All records below are to be set down precisely as written, excluding pictures.

*** Opening RECORDS SUPPLIED ***

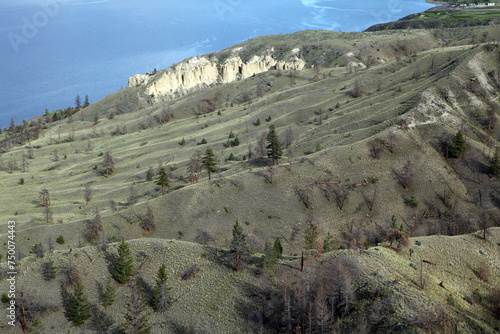 Obraz na płótnie Landscape from trans-canadian Highway 1 near Kamloop and Savona - Kamloop lake - British Columbia - Canada w salonie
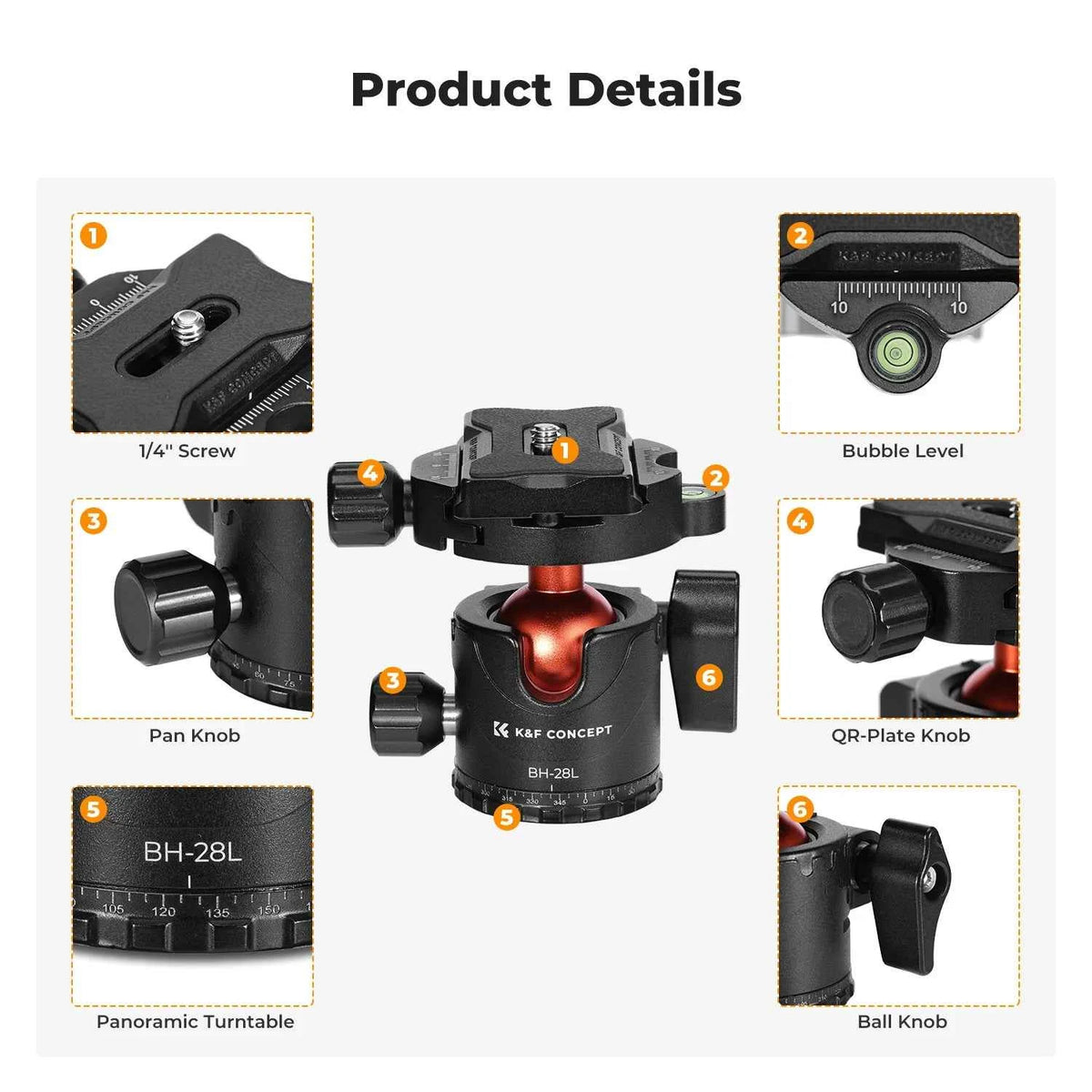 K&F 10kg Metal Tripod Ball Head with Quick Release Plate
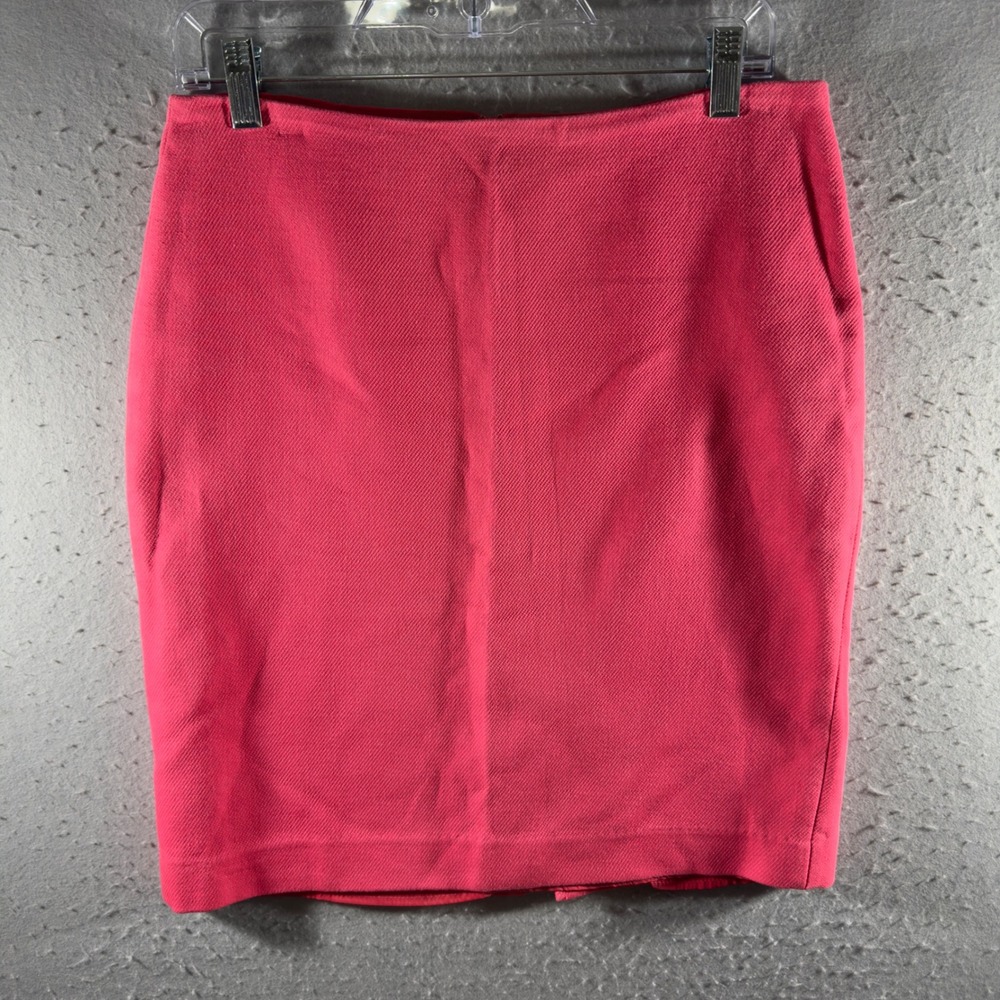 3304 | Talbots Petites Cotton Twill Pencil Skirt Bright Pink Women 8P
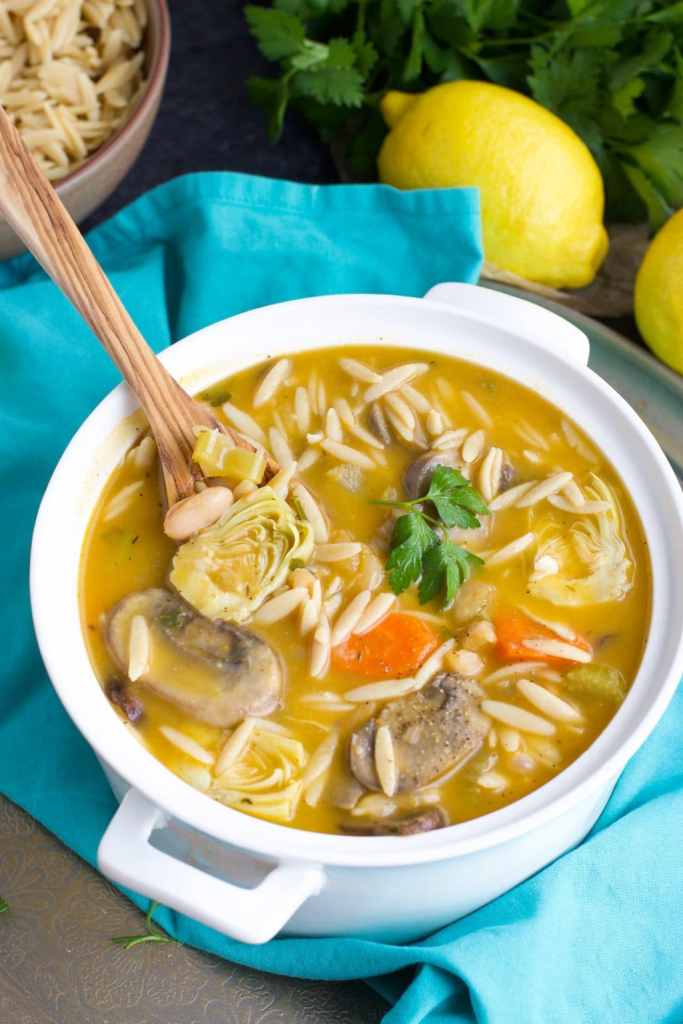 LOADED LEMON ARTICHOKE ORZO SOUP RECIPE Danely Maria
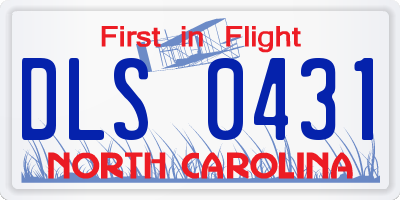 NC license plate DLS0431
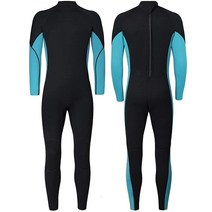 Nataly Osmann 3mm 네오프렌 풀 잠수복 여성/남성용 긴소매 원피스 다이빙 수트 백 지퍼 스쿠버 보온 다이빙 스킨 수상 스포츠 서핑 카약 스노클링 수영을 위한 보온, blue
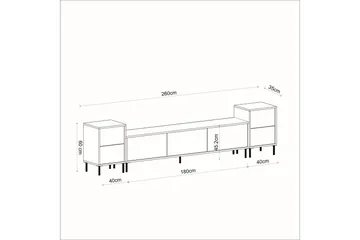 Imaj Tv-bänk 260 cm - Guld/Svart/Vit - Möbler - Tv möbel & mediamöbel - TV bänk & mediabänk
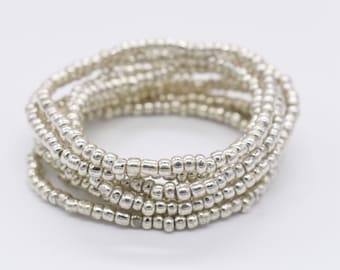 Stretch Bracelet, Stackable Bracelet, Stack Bracelet, Summer Jewelry, Beaded Bracelet, Silver Bracelets, Bead Bracelet, Stretchy Bracelet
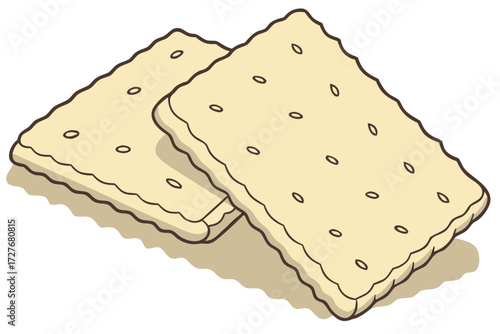 rectangular saltine crackers with perforated holes for snack food and baking ingredient illustrations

*** Closing RECORDS SUPPLIED ***

EXERCISE RESULT:
 Obraz na płótnie Landscape from trans-canadian Highway 1 near Kamloop and Savona - Kamloop lake - British Columbia - Canada w salonie
 K&F 10kg Metal Tripod Ball Head with Quick Release Plate
 3304 | Talbots Petites Cotton Twill Pencil Skirt Bright Pink Women 8P
 LOADED LEMON ARTICHOKE ORZO SOUP RECIPE Danely Maria
 NC license plate DLS0431
 Nataly Osmann 3mm 네오프렌 풀 잠수복 여성/남성용 긴소매 원피스 다이빙 수트 백 지퍼 스쿠버 보온 다이빙 스킨 수상 스포츠 서핑 카약 스노클링 수영을 위한 보온, blue
 Imaj Tv-bänk 260 cm - Guld/Svart/Vit - Möbler - Tv möbel & mediamöbel - TV bänk & mediabänk
 Stretch Bracelet, Stackable Bracelet, Stack Bracelet, Summer Jewelry, Beaded Bracelet, Silver Bracelets, Bead Bracelet, Stretchy Bracelet
 rectangular saltine crackers with perforated holes for snack food and baking ingredient illustrations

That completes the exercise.